Parsing Geometry Data Types¶

The parsing of geometry records by the QGIS data providers often requires changing the geometry sub-type. For example, consider the parsing of geometry subtypes between ESRI’s Shapefile, QGIS, and, SpatiaLite (Fig. 11). SpatiaLite and Shapefiles have a single geometry sub-type defined for a dataset [6] which is simpler than data sources like Microsoft SQL Server and PostGIS where the geometry sub-type can vary for each record.

The hierarchy for the ubiquitous Shapefile shown in Fig. 7 is vastly different to that for QGIS [12]. For constructing a single part line, QGIS has the four geometry subtypes of “Multi-Line”, “Circular-String”, “Compound-Curve”, and, “Line”, whereas Shapefile only has the single subtype of “PolyLine” [1]. Hence, in a QGIS editing session, a user may create a line using any of QGIS’s four line subtypes, but, the line will only be recorded as a “PolyLine” and it is the Provider’s task to inform QGIS of this requirement (Fig. 11).

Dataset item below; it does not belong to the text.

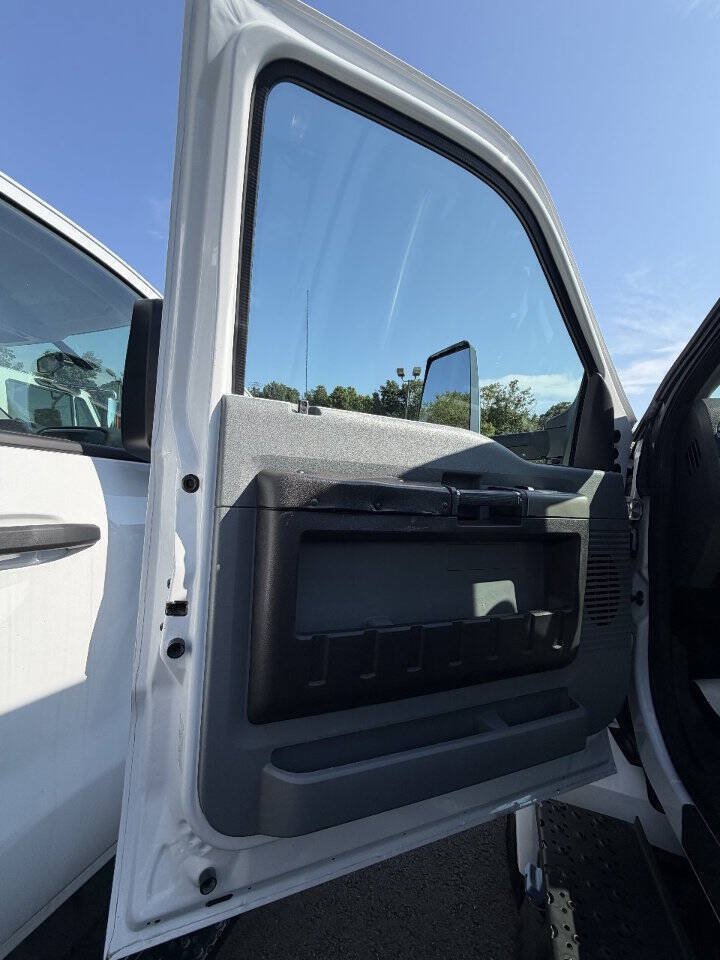 Used 2022 Ford F650 2WD Regular Cab Super Duty image 47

In comparison to a Shapefile, SpatiaLite has the Multi-Line and Line sub-types and QGIS has to distinguish between these. The manner in which QGIS distinguishes between a Multi-Line and a Line for parsing to SpatiaLite is primitive. A single part QGIS Multi-Line can’t be parsed to a SpatiaLite Line as the provider refers to the geometry type and not the number of parts, but, a “Line” will be converted to a Multi-Line by silently changing it’s geometry type if it is parsed to a SpatiaLite Mutli-Line data source. In a similar manner, Circular-String and Compound-Curve sub-types will be converted to Line sub-types, and then Multi-Line sub-types if required. Some of the geometry sub-type changing may confuse unwary users, for example, a SpatiaLite Line data source read by QGIS and saved as a SpatiaLite Multi-Line is silent and without error or warning, however, the newly created SpatiaLite Multi-Line can’t be then saved as a SpatiaLite Line by QGIS without the use of a tool that changes the geometry type to Line, even though each Multi-Line only has one part.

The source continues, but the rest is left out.